Run parsers and generate hpz files
Affects | Status | Importance | Assigned to | Milestone | |
---|---|---|---|---|---|
Hamlet |
In Progress
|
High
|
WVU Modeling Intelligence Lab |
Bug Description
We now have a fully functioning pipeline but are lacking the data to use with it. Each parser will create a .hpz file that is used as input to the pre-processor. We need to generate these files.
This has already been done for the law dataset (half of it at least). It also needs done for the following datasets.
* STEP
* Text/Html
* Java
A large task for this will be finding the data to run the parsers on.
* STEP - there is a folder on wisp at hamlet/data/STEP. This contains a collection of STEP files we extracted from the nara data. this would be a good starting point. Talk to Greg if you need assistance with this.
* Text/HTML - This i'm not sure about. Should we use the data from the nara folks? Talk to adam and see what he has to say since he wrote this.
* Java - This is your cup of tea. The good thing about this parser is that it has a wide variety of possible datasets to be run on. I recommend you start with weka.
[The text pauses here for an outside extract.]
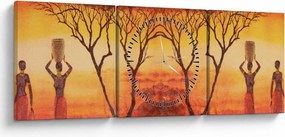 Obraz - Afrykańska sawanna (z zegarem) (90x30 cm)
Try to build an hpz file for at least 3 different large open source projects.
I'm going to ask that Adam and Greg comment on this bug with instructions/
Changed in hamlet: | |
assignee: | nobody → mhull1 |
About the only thing I can think to add about the step parser is that you might need to change the hard-coded directory in it to match where you store the step files. Just give me a shout if you need any help.